SUMMARY OF THE INVENTION

It is accordingly an object of this invention to provide an electronic timepiece which can prevent the voltage applied to a liquid-crystal device from being unbalanced in respect to the total of polarity time intervals of one polarity and the total of polarity time intervals of the opposite polarity which are applied in a predetermined unit of time.

Accordingly there is provided an electronic timepiece comprising an oscillation circuit, a first time count circuit having a plurality of cascade-connected counters and adapted to execute a normal time count operation in response to an output signal of the oscillation circuit, a second time count circuit having a plurality of counters and adapted to perform a stopwatch operation in response to the output signal of the oscillation circuit, liquid-crystal means, a control circuit for selectively connecting the first and second time count circuits to the liquid-crystal means, means for generating a control signal when the second time count circuit is performing a stopwatch time counting operation and inhibiting means adapted to, when the second time count circuit is connected to the display means to permit a stopwatch operation, render ineffective an output signal of at least one of counters in the second time count circuit in response to the control signal, to thereby inhibit data corresponding to the output signal of this counter from being displayed on the display means.

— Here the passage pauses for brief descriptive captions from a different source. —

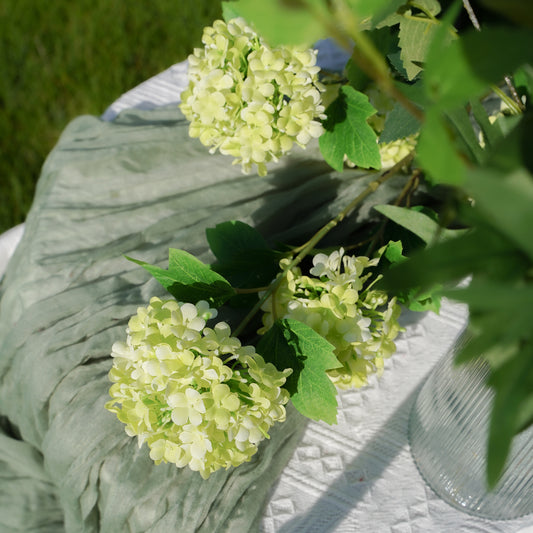 5-Head Hydrangea - Green 5头木绣球-绿色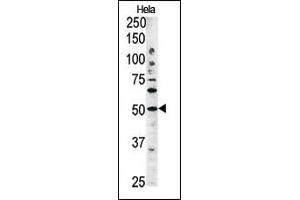 The anti-G4C Pab 1810b is used in Western blot to detect G4C in Hela tissue lysate (ATG4C anticorps  (AA 167-196))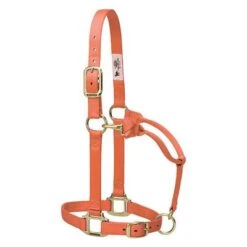 Weaver Leather Halter- Nylon Yearling Size -PetNCoop Store 48437 005 0080464 m 3e4506c7 2804 4211 a7c1 ee321b53bda0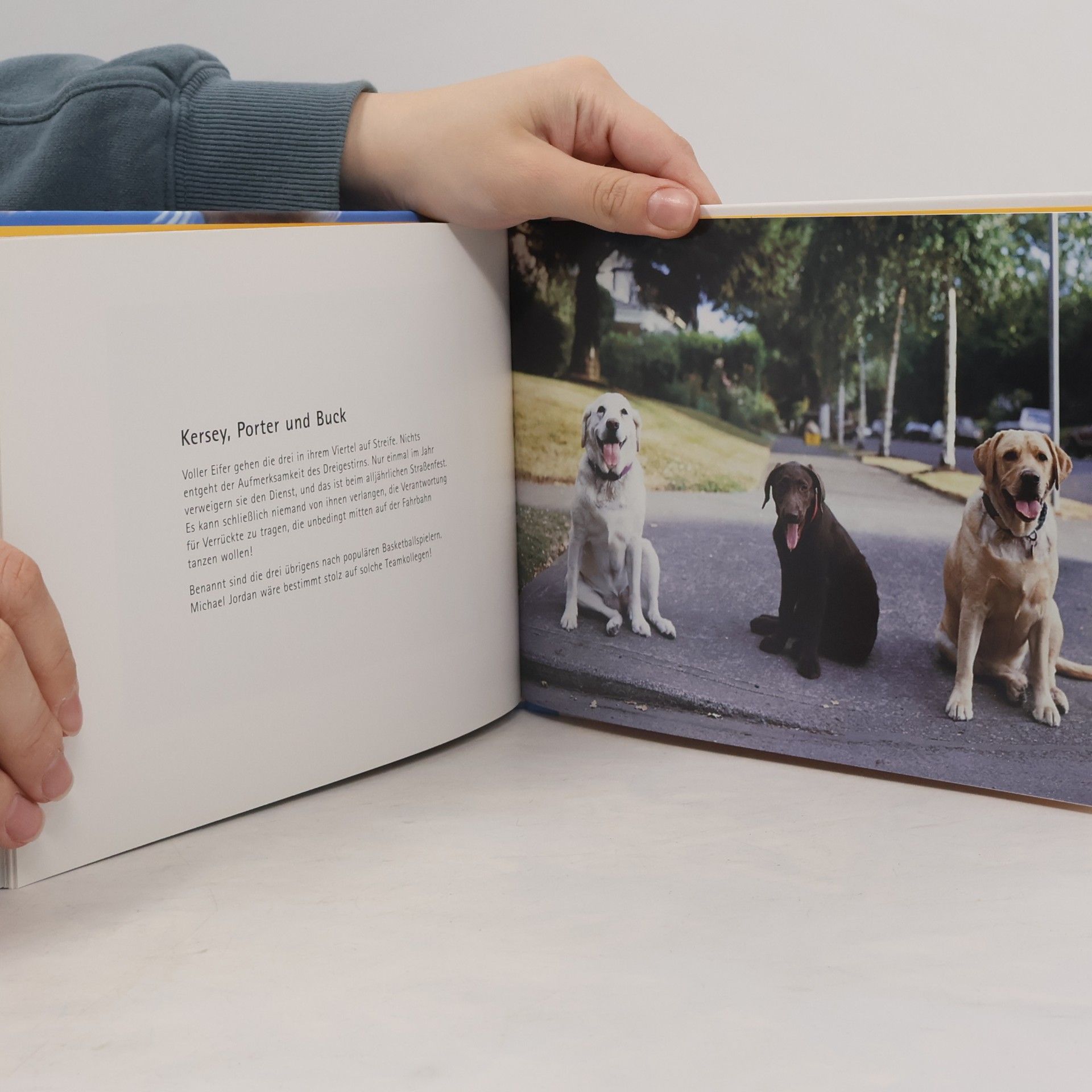 Jeff Selis Hunde sind eben doch die besseren Katzen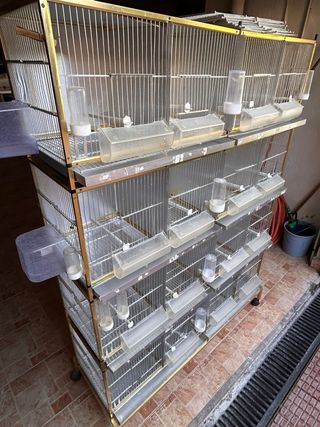 Módulo de jaulas para pájaros dorado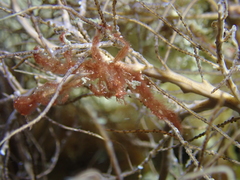 Achaeus japonicus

BRIEF DESCRIPTION OF THE DRAWING

FIG. 1 is a circuit diagram of the prior art electronic timepiece having a stopwatch function;

FIG. 2 is a circuit diagram of a counter decoder for counting the 1/100 second digit and the corresponding display section of the electronic timepiece in FIG. 1;

FIG. 3 is a signal waveform diagram illustrating the operation of the circuit of FIG. 2;

FIG. 4 is a circuit diagram showing that portion of an electronic timepiece according to one embodiment of this invention which corresponds to the prior art circuit shown in FIG. 2;

FIG. 5 is a circuit diagram showing that portion of an electronic timepiece according to another embodiment of this invention which also corresponds to the prior art circuit shown in FIG. 2;

FIG. 6 is a circuit diagram showing a modification of part of the circuit of FIG. 4;

FIG. 7 is a circuit diagram showing a modification of part of the circuit of FIG. 5; and

FIG. 8 is a signal waveform diagram illustrating an adverse effect on the dynamic crystal display which can occur even when time is measured in time units longer than the period of the LCM signal.

DETAILED DESCRIPTION OF THE PREFERRED EMBODIMENTS

An electronic timepiece according to one embodiment of this invention will now be explained below by referring to FIG. 4.

The circuit shown in FIG. 4 corresponds to the circuit shown in FIG. 2 in that it shows the circuits interfacing a display digit to the basic counter and decoder logic. Identical reference numerals are employed to designate parts or elements corresponding to those shown in FIG. 2, and further explanation thereof is omitted. The overall system arrangement employed with the circuit of FIG. 4 is constructed as shown in FIG. 1.

Referring to FIG. 4, a gate circuit 100 having AND gates 101 to 107 is connected betwen the 1/100-second digit decoder 36 and exclusive OR gates 44 to 50. The other input terminal of each of the AND gates 101 to 107 is adapted to be connected to the Q output terminal of flip-flop circuit 43 (FIG. 1).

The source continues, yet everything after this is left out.